== Segment start ==

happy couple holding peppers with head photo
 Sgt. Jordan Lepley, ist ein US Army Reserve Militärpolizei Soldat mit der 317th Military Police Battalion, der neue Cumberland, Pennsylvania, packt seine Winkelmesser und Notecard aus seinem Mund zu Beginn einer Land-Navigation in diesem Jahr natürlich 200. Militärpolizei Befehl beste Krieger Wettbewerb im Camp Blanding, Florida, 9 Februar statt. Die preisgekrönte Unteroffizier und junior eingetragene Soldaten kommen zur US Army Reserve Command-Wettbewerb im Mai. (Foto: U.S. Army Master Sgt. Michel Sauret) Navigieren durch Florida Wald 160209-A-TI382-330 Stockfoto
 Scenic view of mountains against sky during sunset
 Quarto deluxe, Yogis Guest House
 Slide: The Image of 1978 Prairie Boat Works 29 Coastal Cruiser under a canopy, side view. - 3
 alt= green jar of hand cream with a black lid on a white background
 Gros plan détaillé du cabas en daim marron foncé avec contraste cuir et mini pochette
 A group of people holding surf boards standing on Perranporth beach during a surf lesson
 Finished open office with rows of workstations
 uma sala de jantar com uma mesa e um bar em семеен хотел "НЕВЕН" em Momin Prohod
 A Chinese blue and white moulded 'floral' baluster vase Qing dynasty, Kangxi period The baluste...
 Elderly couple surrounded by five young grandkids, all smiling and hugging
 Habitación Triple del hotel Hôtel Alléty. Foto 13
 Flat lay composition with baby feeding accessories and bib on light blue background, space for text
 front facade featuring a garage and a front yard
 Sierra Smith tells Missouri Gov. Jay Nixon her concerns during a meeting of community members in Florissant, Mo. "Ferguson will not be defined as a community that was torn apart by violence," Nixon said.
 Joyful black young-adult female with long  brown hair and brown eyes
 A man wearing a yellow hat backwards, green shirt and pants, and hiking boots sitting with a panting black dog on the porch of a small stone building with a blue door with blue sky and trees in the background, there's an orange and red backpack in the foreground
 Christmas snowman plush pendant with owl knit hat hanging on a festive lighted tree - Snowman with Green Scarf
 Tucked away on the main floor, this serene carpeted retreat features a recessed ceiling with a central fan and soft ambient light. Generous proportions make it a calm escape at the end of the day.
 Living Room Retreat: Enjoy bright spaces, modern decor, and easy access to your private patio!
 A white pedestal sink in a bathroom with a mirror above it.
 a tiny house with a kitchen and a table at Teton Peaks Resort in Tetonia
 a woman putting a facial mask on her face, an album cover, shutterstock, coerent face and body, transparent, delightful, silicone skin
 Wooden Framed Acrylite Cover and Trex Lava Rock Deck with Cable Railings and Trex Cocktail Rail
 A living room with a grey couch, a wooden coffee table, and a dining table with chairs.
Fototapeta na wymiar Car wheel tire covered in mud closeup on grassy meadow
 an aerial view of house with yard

== Segment end ==

Write the lines out again exactly, beginning at the line that contains "a tiny house" and stopping only at the final line of the listing above.

 a tiny house with a kitchen and a table at Teton Peaks Resort in Tetonia
 a woman putting a facial mask on her face, an album cover, shutterstock, coerent face and body, transparent, delightful, silicone skin
 Wooden Framed Acrylite Cover and Trex Lava Rock Deck with Cable Railings and Trex Cocktail Rail
 A living room with a grey couch, a wooden coffee table, and a dining table with chairs.
Fototapeta na wymiar Car wheel tire covered in mud closeup on grassy meadow
 an aerial view of house with yard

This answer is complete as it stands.